Description of the Related Art
As a method of detecting an angle of a rotor such as a brushless motor, there is a method of using a magetoelectric transducer such as hall elements producing a signal having an amplitude in accordance with a magnetic field applied. Japanese published unexamined application No. JP-2013-002835-A discloses a method of determining an angle of a rotor generating a magnetic field with a magetoelectric transducer, based on an amplitude of a signal produced in accordance with a rotational angle of the rotor.
In order to reduce an angle error due to due to eccentricity of a rotor, Japanese published unexamined application No. JP-2013-002835-A also discloses a rotor including a magnet having a maximum length in a magnetization direction shorter than a maximum length in a direction perpendicular to a rotational axis of the rotor and the magnetization direction.
In detecting a rotational position of a rotor, it is important to consider an error of the rotor.
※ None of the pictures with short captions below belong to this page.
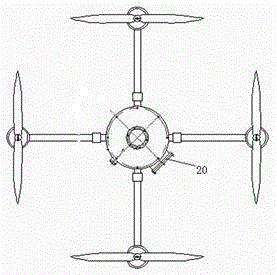 Flame-proof type multi-rotor unmanned aerial vehicle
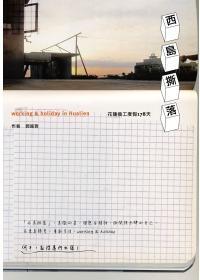 西島撕落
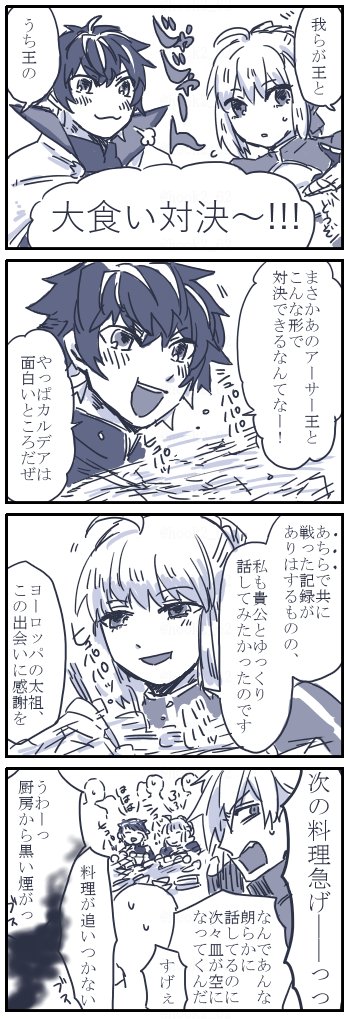 我が王とうち王の大食い対決漫画
(カルデアのマニュくんが燃費わるわる大食漢という捏造設定を含みます) 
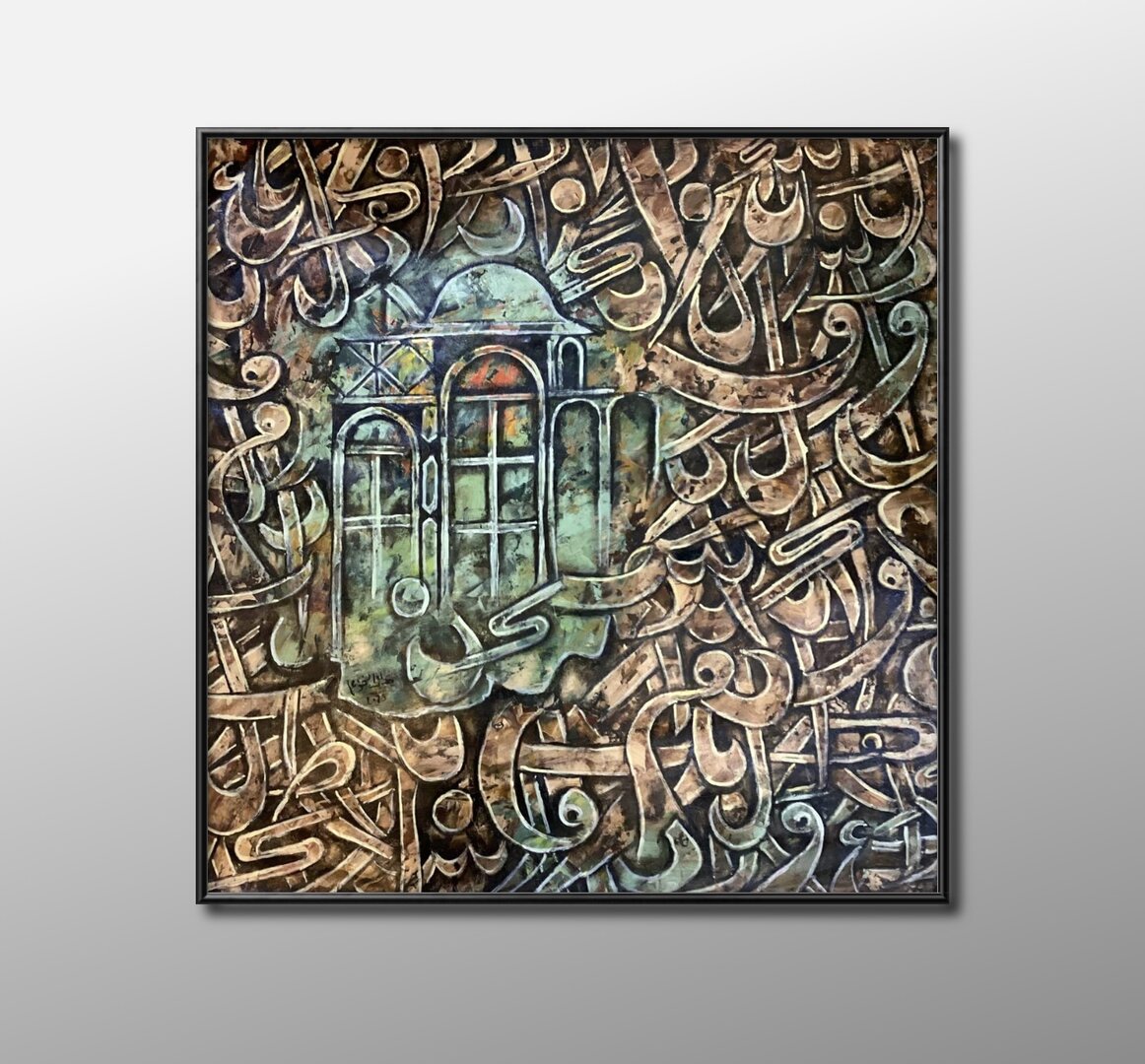 Old Arabic symbols 4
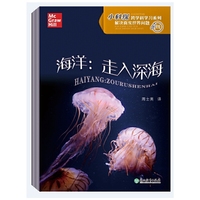 “小科探”跨学科学习系列 解决真实世界问题 ④级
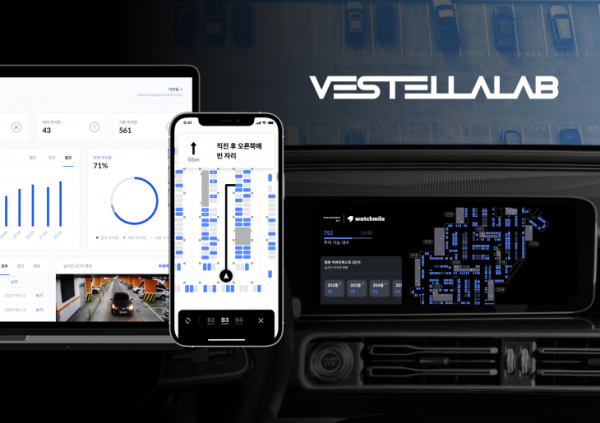 실시간으로 빈 주차면을 안내하는 주차 내비게이션 ‘워치마일’시스템을 공급하는 ㈜베스텔라랩.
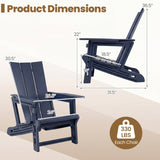 Adirondack Chair with Cup Holder - HDPE Outdoor Seating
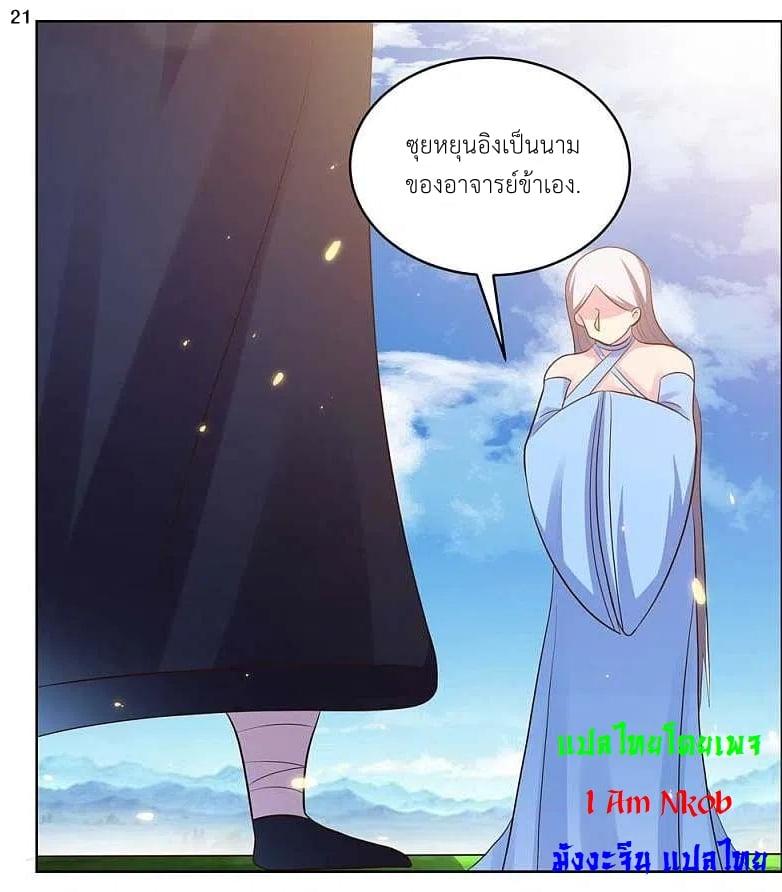 Manga-lc-com อ่านมังงะ อ่านการ์ตูน ออนไลน์ ฟรี Above All Gods ตอนที่ 1 2 3 4 5 6 7 8 9 10 11 12 13 14 ฟรี ไม่มีโฆษณา Manga-lc - อ่าน มังงะ อ่าน การ์ตูน ออนไลน์ อ่านมังงะ ฟรี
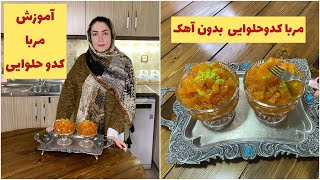 ترفند رفع کپک مربا وآموزش مرباکدوحلوایی(بدون آهک)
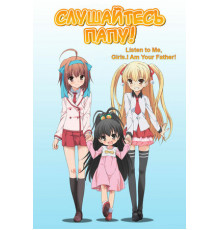 Слушайтесь папу!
When the method disclosed in Japanese published unexamined application No. JP-2013-002835-A is used, a design of the rotor is limited. Particularly, the brushless motor is required to increase the number of poles. However, the method disclosed in Japanese published unexamined application No. JP-2013-002835-A limits the number to two.
Accordingly, one object of the present invention is to provide detection of rotational position of a rotor in consideration of an error due to eccentricity thereof without a limit on the design thereof.
Another object of the present invention is to provide a method of the detection.
These objects and other objects of the present invention, either individually or collectively, have been satisfied by the discovery of a rotation detector detecting rotation of a rotor, based on a signal produced according to rotation of the rotor, having a waveform according to a rotational cycle thereof, including a signal obtaining unit to obtain two signals having phases different from each other; a vector operating unit to determine a vector according to a rotational angle of the rotor, based on the two signals; and a rotation detecting unit to detect rotation of the rotor, based on the vector, wherein the two signals are produced from two elements located at positions farthest in a rotational angle of the rotor among plural rotation detecting elements located at positions different from each other.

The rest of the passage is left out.